Interruptions and Distractions
We look back at 2009 as a time when budget cuts were extreme and companies looked to cut most non-essential expenses across the board. Unfortunately, a training budget usually sticks out as a non-essential expense and is often one of the first to be cut. This is dangerously shortsighted. If organizations stop developing their staff, it can be a demotivator at best and, at worst, can weaken your ability to retain these employees.
If you have just reviewed my arguments and determined that webinar-based training is still the path you may follow, there is another point to consider. How much of a webinar do people retain and is that worth the money you are paying your staff to watch it?
There is no doubt people have different learning styles. You have probably seen the arguments that only about 10 per cent of what is read is retained, while as much as 90 per cent of learning is interacting. If your staff is participating in a lecture-style webinar, they are likely not retaining too much at all. Combine that with the possibility of staff having to stay late to make up for work not done while watching the webinar, and your staff could easily deduce that webinar training is not the best use of their time.
Another challenge with learning from webinars comes in how they are actually viewed. Generally, people view them just sitting at their desk, staring at their computer. I am sure members of my team have no idea how to tell when I am working or when I am watching a webinar. You may take this as a sign that I probably don’t appear to look very busy when I work. Others may agree that it is difficult to learn while surrounded by the normal everyday distractions of an office. Sitting at my desk, webinar or not, there are still interruptions such as emails, text messages, naps, phone calls, and people knocking on my door. While viewing a webinar, I am sure that I have the same blank look on my face as Tiger Woods does in the now infamous Nike commercial.

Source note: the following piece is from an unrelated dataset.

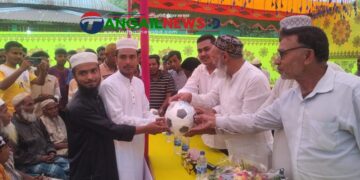গোপালপুরে জিয়ার শাহাদাতবার্ষিকীতে দোয়া মাহফিল ও ফুটবল বিতরণ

I can’t be the only one thinking like this. As the Globe and Mail reported last year, “52 per cent of people enjoy multitasking while on a conference call.” I don’t think it’s a stretch to say that this 52 per cent would be easily distracted by almost anything else if they were trying to watch a webinar amid the normal daily distractions. I also found it interesting that they “enjoy” multitasking. These webinar watchers would probably also eagerly look forward to filing a budget report just to liven things up.
If you still have budget challenges and can’t free up funds for training, there are many different training solutions worth pursuing. Consider internal opportunities to support a more involved style of learning, participate in job shadowing, or start a mentoring program. You may even find some success in giving ownership to a team member of a part of the budget to allow staff to better understand the responsibilities of expenses.
You could also consider following the model at Hewlett-Packard and open up an innovation break during the week to allow staff to work on something of their choice that both interests them and benefits the company. I believe these participative suggestions provide more learning opportunities than a passive webinar.
I read not too long ago that e-learning has grown to represent 24 per cent of all employee training hours. If this is true, let’s ensure that this enormous e-learning time commitment is actually effective and not just used as background music while your staff multitasks with their normal daily duties.
Now if you will excuse me, I must catch a webinar from the good people who manufacturer the Snuggie: they promise to teach me eight essential uses for it.